Brooklyn Museum

Last month I visited the Brooklyn Museum for the first time.

I finally saw Judy Chicago’s  The Dinner Party which turned out to be appropriately great. There was also an exhibition of quilts, “Workt by Hand”: Hidden Labor and Historical Quilts, also terrific , which reminded me that 100+-year-old quilts often seem strangely post-modern.

But the thing that I’ve been puzzling about for a few weeks was this installation:

LeWitt Brooklyn Blog

My immediate thought was “Why?” — Why muddle the installation of this Sol LeWitt by juxtaposing it with the other work? So I read the label (sorry about the skew).

LeWitt Brooklyn label BLOG

So, someone has decided that it is important to point out that two fundamentally unrelated objects are different. To do that they make it impossible to really experience either one. I’ve tried to figure out how I really feel about that and I think I’ve decided that it just seems naive, like the work of an undergrad art history student who might point out the difference between Picasso’s use of blue in his Blue Period works (La Vie, 1903, Cleveland Museum of Art) and Yves Klein’s use of blue in his International Klein Blue works of the 1960s.

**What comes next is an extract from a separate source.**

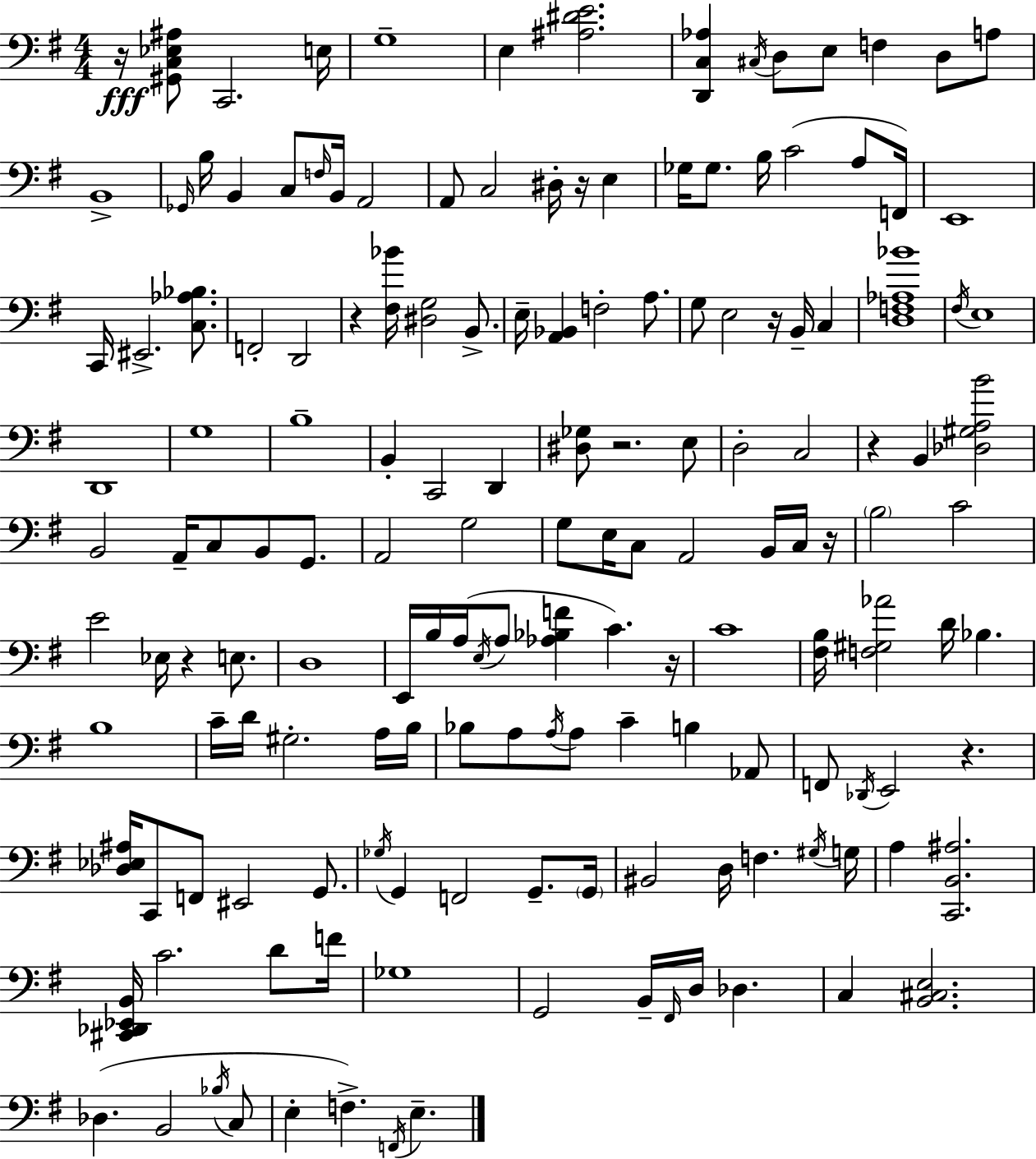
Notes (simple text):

383px-Picasso_la_vie international-klein-blue

The point for me is that the difference between a grid as structure and irregularly stacked boxes (not a grid) as shelving is about as far apart as the difference between cool colors conveying emotional meaning and a color chosen as a conceptual tactic. So far apart in meaning as to be meaningless.

The artworks are not served by this clumsy comparison, and the viewer is not helped by trying to force meaning out of coincidence.